La crise sanitaire a fait le focus sur les services de réanimation. Cet automne, des agents plus ou moins volontaires et parfois contraints ont dû renforcer les effectifs des réanimations, après 2 jours de formation au Médical Training Center et quelques jours d’immersion. Certes il fallait pallier l’urgence de la situation, mais cette urgence n’était-elle pas prévisible ? Les équipes sont encore aujourd’hui en souffrance:
Ici car 7 jours de formation de peuvent suffire. Les agents expérimentés ne peuvent à la fois faire leur travail et pallier les difficultés de leurs collègues trop peu formés et là-bas car le personnel déployé dans les réanimations n’a pas été remplacé.

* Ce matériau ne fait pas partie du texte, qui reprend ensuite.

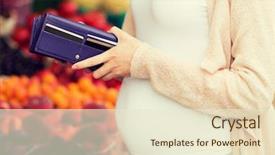  Presentation with credit market - Colorful presentation theme enhanced with sale shopping pregnancy and people backdrop and a cream colored foreground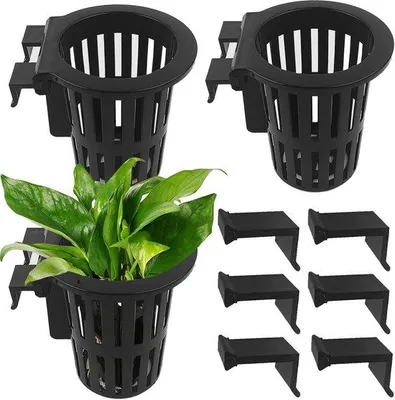 Produktbild von Famanu Pflanzenpot Aquarium - Wasserpflanzen Halter mit Saugnapf - 6,5 x 10,5 cm - Schwarz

Comment accepter de mettre en difficulté patients et personnel en continuant à faire du soignant un simple pion qu’on déplace, une variable d’ajustement ? Pour bien faire, pour bien traiter et tendre vers « l’excellence », pilier cher à notre institution, ne faut-il pas pouvoir choisir son lieu d’exercice ?
Tirons les leçons de cette crise sanitaire qui est loin d’être terminée et plus que jamais restons solidaires et continuons d’exiger :
– la réouverture de lits d’hospitalisation notamment parce que la réanimation dont on fait tant cas n’est rien sans les lits d’amont et d’aval.
– une véritable revalorisation salariale (+400euros), car nous sommes tous des experts.
– De meilleures conditions de travail (stationnement, fin des repos imposés, formations adéquates…)
– Fin des privatisations et externalisations, qui génèrent des travailleurs précaires et peu qualifiés.